Print out each entry without alteration, and keep the pictures out.

___ Dataset records ___

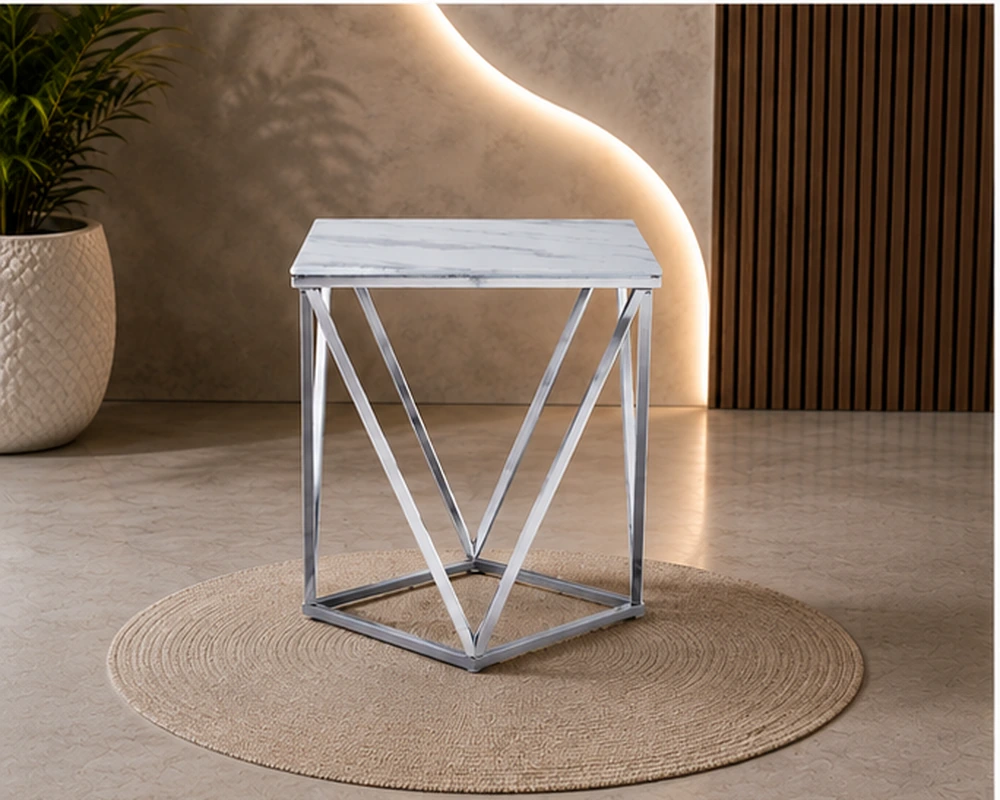 Chariot de Service Élégant au Design Géométrique avec Plateau en Marbre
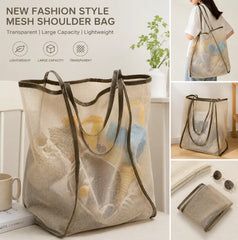 Mesh Beach Bag Lightweight, Breathable & Quick-Dry Travel Tote for Beach Trips Outdoor Activities, and Storage of Towels Toys
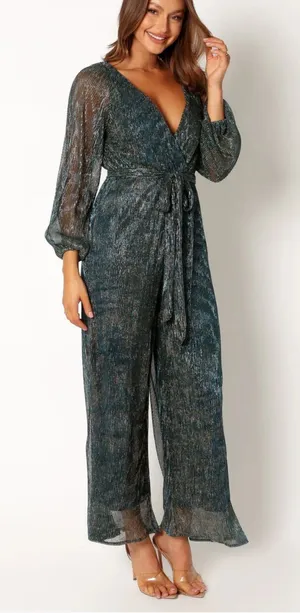 Petal‎ & Pup Shimmery Teal Wrap Jumpsuit with Tie Waist small thumbnail 1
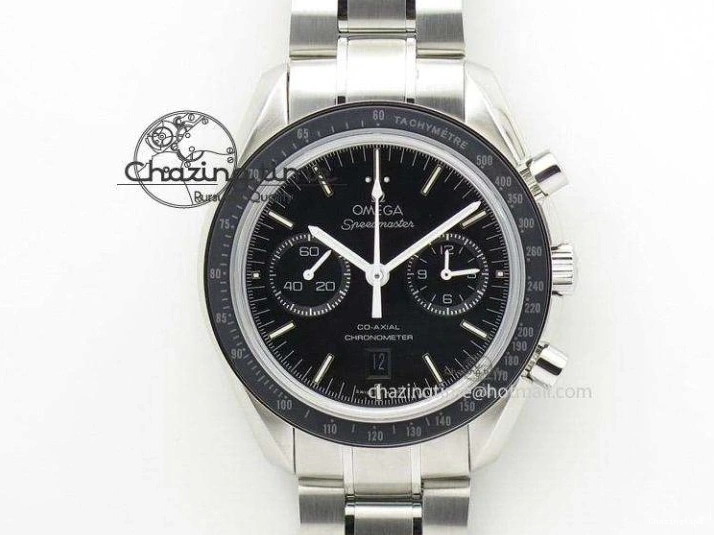 0601 Premium Seamaster Professional Chrono RG Black Ceramic Black Dial On RG Bracelet A 8212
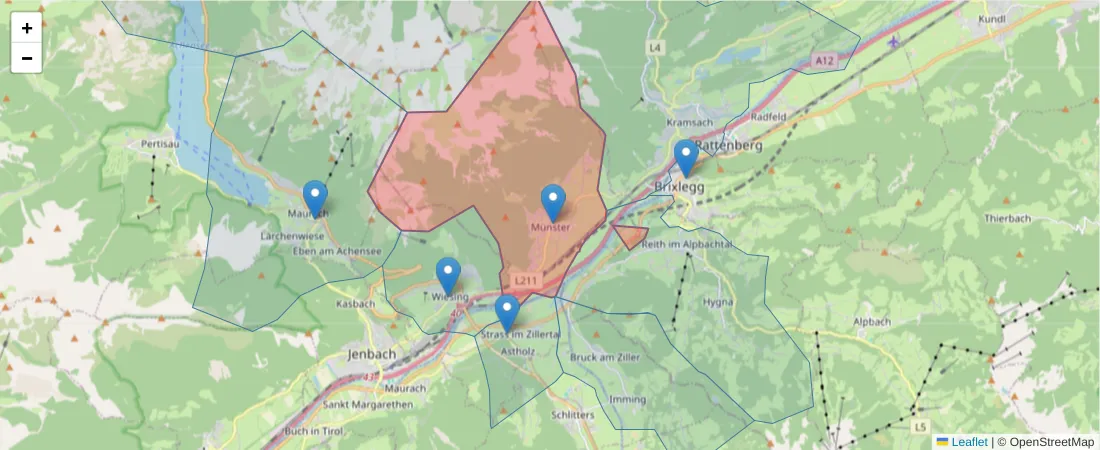 Karte des Postleitzahlen Bereichs  und der umliegenden Postleitzahlen in Deutschland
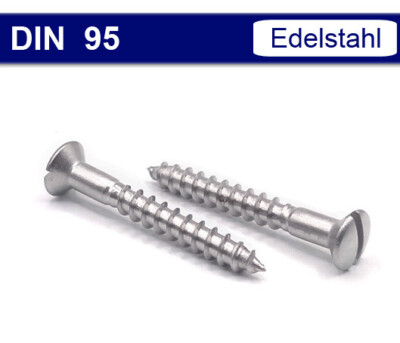 Linsensenk-Holzschrauben DIN 95 Schlitz Ø 2,5-8 mm Senkkopf - Edelstahl A2 V2A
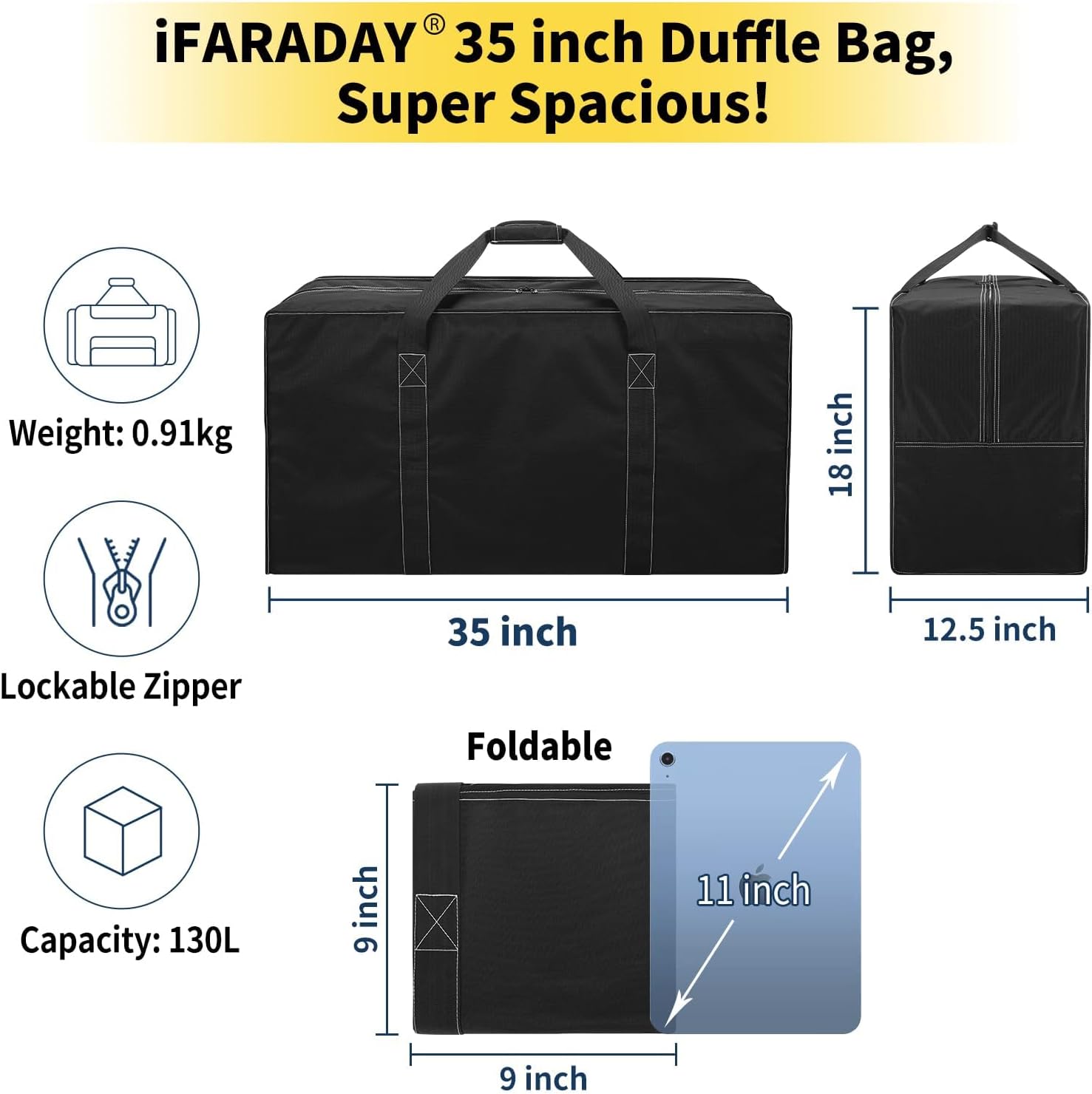 130L Extra Large Travel Duffle Bag - Heavy Duty Water Resistant Luggage for Camping, Sports & Moving - 35 inch Foldable Gear Bag (Black) - Image 4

___

▸ Solution to this exercise
 Chariot de Service Élégant au Design Géométrique avec Plateau en Marbre
 Mesh Beach Bag Lightweight, Breathable & Quick-Dry Travel Tote for Beach Trips Outdoor Activities, and Storage of Towels Toys
 Petal‎ & Pup Shimmery Teal Wrap Jumpsuit with Tie Waist small thumbnail 1
 0601 Premium Seamaster Professional Chrono RG Black Ceramic Black Dial On RG Bracelet A 8212
 Karte des Postleitzahlen Bereichs  und der umliegenden Postleitzahlen in Deutschland
 Linsensenk-Holzschrauben DIN 95 Schlitz Ø 2,5-8 mm Senkkopf - Edelstahl A2 V2A
 130L Extra Large Travel Duffle Bag - Heavy Duty Water Resistant Luggage for Camping, Sports & Moving - 35 inch Foldable Gear Bag (Black) - Image 4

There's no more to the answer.